Replace icp-router with icp-management-ingress

1. From the management console, click Workloads > Deployments.
2. In the Deployments table, find the multicluster-hub-ibm-mcm-dev-prometheus, or multicluster-endpoint-ibm-mcmk-dev-weave-scope-app deployment.
3. From the options menu, select Edit.
4. From the Edit Deployment box, find the icp-router:2.2.3 and replace with icp-management-ingress:2.2.3.

The cloudctl cm node commands may not work accurately. Use kubectl instead

Certain IBM Cloud Private CLI cloudctl cm commands (cm), such as cloudctl cm nodes and other node commands, may not work accurately. These commands are deprecated and will be removed in a later release. Use kubectl instead.

For example, for results from cloudctl cm nodes, you need to use kubectl get nodes instead.

Cannot get secret by using kubectl command when encryption of secret data at rest is enabled

When you enable encryption of secret data at rest, and use kubectl command to get the secret, sometimes you might not be able to get the secret. You might see the following error message in kube-apiserver:

Internal error occurred: invalid padding on input

This error occurs because kube-apiserver failed to decrypt the encrypted data in etcd. For more information about the issue, see Random "invalid padding on input" errors when attempting various kubectl operations .

To resolve the issue, delete the secret and re-create it. Use the following command:

kubectl -n <namespace> delete secret <secret>

For more information about encrypting secret data at rest, see Encrypting Secret Data at Rest .

IBM Cloud Private supports a single VA node when added during post installation

If you add a Vulnerability Advisor node during post installation, it is not supported.

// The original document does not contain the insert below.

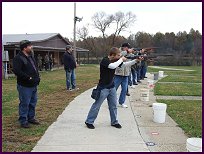 trap shoot
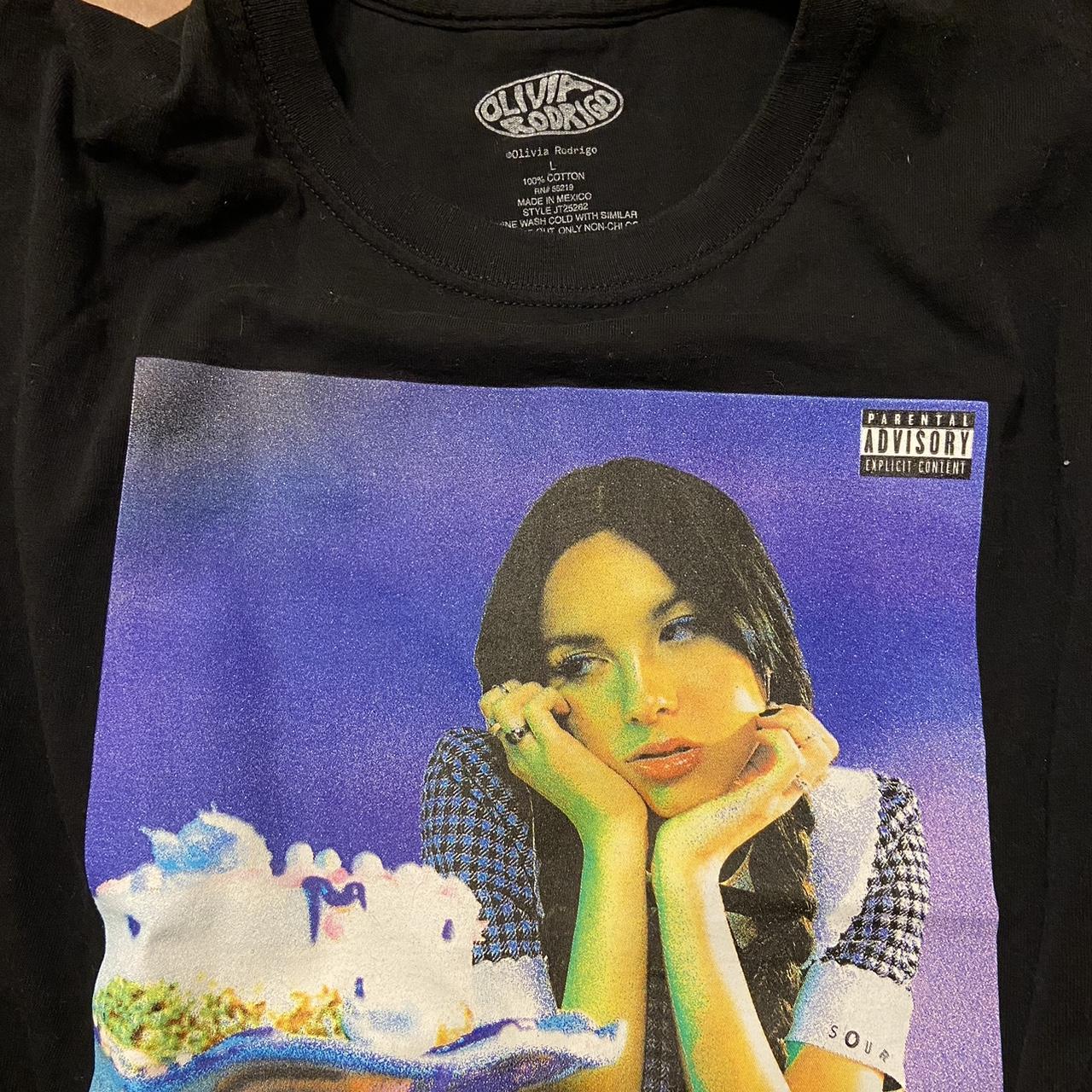 Good 4U Olivia Rodrigo Sour Album Merch SOUR Album Shirt - Teeholly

You might receive an error message when you run the following command to add a VA node:

  docker run --rm -t -e LICENSE=accept --net=host -v \ $(pwd):/installer/cluster ibmcom/icp-inception-$(uname -m | **sed 's/x86_64/amd64/g'**):3.1.2-ee va -l \ ip_address_vanode1,ip_address_vanode2

You might receive the following server error message:

  stderr: 'Error from server (AlreadyExists): error when creating "STDIN": storageclasses.storage.k8s.io "kafka-storage" already exists'
  stderr_lines: <omitted>
  stdout: ''
  stdout_lines: <omitted>

To resolve the issue, add a VA node during post installation by running the following command:

  docker run -t -e LICENSE=accept --net=host \ -v $(pwd):/installer/cluster \ ibmcom/icp-inception-$(uname -m | **sed 's/x86_64/amd64/g'**):3.1.2-ee va \ -l ip_address_vanode

For more information about the VA, see Vulnerability Advisor.

LDAP user names are case-sensitive

User names are case-sensitive. You must use the name exactly the way it is configured in your LDAP directory.

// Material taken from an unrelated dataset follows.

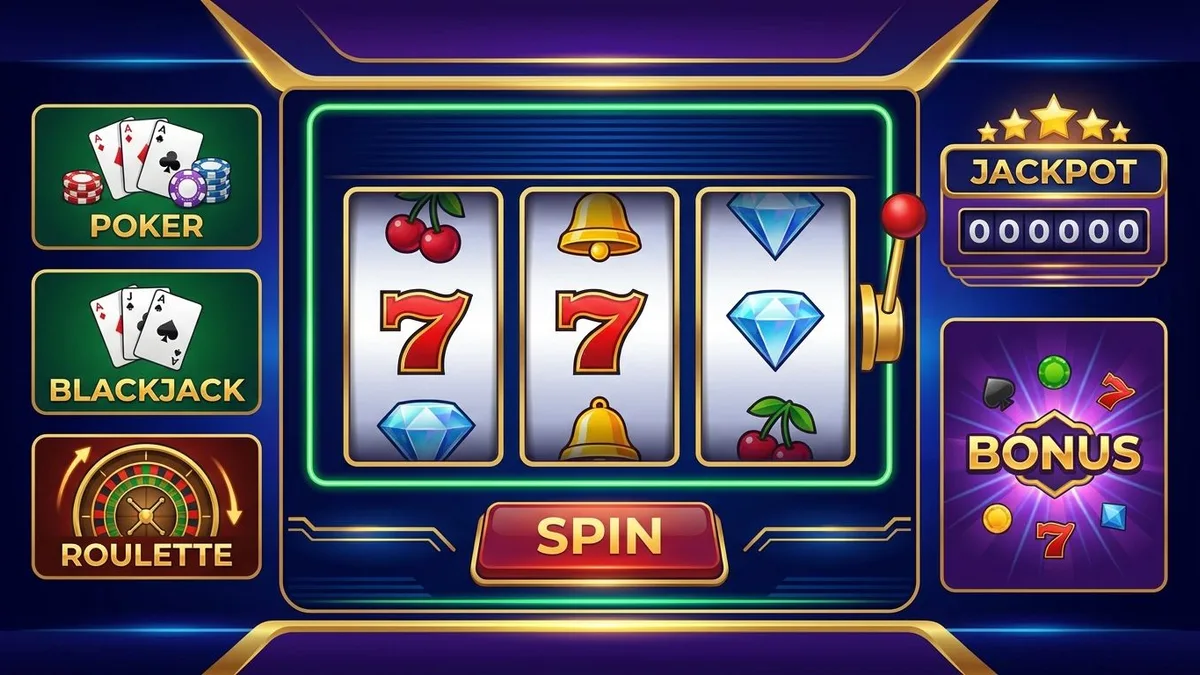 Casino games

Management console does not return the log in page when the access token expires

When your access token expires, the log in page is not returned if you select another page from the management console. Refresh the console and log in before you select a different page.

Vulnerability Advisor cannot scan unsupported container images

Container images that are not supported by the Vulnerability Advisor fail the security scan.

The Security Scan column displays Failed from the Container Images page in the management console. When you select failed container image name to view more details, zero issues are detected.